Cautions on Angel Investors

Angel investors are wealthy individuals that make individual venture investments in start-up companies.  They typically invest $25,000 to $250,000 and often are the intial venture funding source prior to a larger institutional round of $1 - 5 million or more.

But not all angles are saviors, as this article from Forbes.com points out, so the entrepreneur needs to beware when taking on an angel investor:

Your young business is poised for promising growth--if only you could get an infusion of cash. So what’s the best funding source for your early-stage business?

You could tap friends and family members. But then, they tend to have little experience, offer too much unsolicited advice and create complications at family events. This leads to nothing but trouble.

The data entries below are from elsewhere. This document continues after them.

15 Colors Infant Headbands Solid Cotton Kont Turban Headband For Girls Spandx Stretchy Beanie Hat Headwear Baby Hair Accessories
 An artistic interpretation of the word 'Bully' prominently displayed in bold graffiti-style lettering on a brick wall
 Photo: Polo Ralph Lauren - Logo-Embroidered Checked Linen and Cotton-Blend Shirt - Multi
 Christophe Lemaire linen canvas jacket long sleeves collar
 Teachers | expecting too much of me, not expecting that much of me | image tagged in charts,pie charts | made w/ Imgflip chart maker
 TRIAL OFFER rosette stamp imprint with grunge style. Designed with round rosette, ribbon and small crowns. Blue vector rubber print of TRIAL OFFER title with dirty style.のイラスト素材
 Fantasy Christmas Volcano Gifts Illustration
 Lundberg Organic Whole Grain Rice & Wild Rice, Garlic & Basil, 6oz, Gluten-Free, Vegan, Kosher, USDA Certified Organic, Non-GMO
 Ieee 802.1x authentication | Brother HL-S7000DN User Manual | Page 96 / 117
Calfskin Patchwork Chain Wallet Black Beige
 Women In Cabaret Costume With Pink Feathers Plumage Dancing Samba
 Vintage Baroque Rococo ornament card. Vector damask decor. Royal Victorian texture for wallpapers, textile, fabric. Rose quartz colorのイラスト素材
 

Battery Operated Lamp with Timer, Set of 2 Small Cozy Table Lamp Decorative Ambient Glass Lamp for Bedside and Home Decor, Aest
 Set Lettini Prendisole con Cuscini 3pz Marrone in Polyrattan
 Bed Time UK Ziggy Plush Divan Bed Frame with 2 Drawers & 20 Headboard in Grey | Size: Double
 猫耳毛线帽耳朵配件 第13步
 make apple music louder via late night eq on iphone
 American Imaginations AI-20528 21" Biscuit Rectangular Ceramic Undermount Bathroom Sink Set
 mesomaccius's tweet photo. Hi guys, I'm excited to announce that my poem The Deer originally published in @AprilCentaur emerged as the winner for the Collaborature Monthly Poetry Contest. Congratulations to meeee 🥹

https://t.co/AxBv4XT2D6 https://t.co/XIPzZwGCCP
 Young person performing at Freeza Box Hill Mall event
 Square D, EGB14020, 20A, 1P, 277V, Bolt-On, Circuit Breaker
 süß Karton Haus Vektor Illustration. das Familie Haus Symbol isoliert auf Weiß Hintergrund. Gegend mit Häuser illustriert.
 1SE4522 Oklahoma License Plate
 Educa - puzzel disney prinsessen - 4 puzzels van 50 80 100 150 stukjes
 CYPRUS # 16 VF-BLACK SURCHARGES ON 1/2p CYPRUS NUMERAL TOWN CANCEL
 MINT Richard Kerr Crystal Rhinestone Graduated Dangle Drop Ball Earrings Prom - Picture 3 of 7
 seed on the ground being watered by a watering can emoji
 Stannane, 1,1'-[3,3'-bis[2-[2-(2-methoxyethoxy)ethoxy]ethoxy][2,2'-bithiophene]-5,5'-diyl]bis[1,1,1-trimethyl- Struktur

At the other extreme are venture capitalists--professional money managers who place many bets on nascent companies hoping that one or two will hit it big. VCs offer funding, expertise and a valuable network of resources to help businesses grow. The problem: VCs typically demand a fair amount of control and ownership, in the form of a board seat, voting rights and senior securities that would get paid off first in the event of liquidation. (The logic for entrepreneurs: Owning a smaller percent of a bigger company is better than a larger percent of a smaller one.)

A third alternative for cash-hungry companies are "angel" investors. These high-net-worth individuals (or groups of them) dabble in small businesses but would rather play golf than get their hands dirty in day-to-day operations. Generally, angels bring more business expertise to bear than friends and family members do but don't demand the same draconian terms as VCs. According to the Angel Capital Education Foundation, there are now 265 angel groups in the U.S. (up 67% since 1999), which include some 10,000 individual investors.

None of which means companies touched by angels will be blessed with financial success. Consider data from a year-long study released this month by the Ewing Marion Kauffman Foundation and the ACEF, which looked at investments made and returns captured by 539 angels between 1990 and 2007. While overall returns averaged 2.6 times the initial investment within 3.5 years, only 48% of the deals returned more than the original investment. In other words, 52% of all angels lose money on their investments. (As for start-ups that initially ran on angel capital but later accepted VC money, the returns on the winners were higher--but so were the number of losses.)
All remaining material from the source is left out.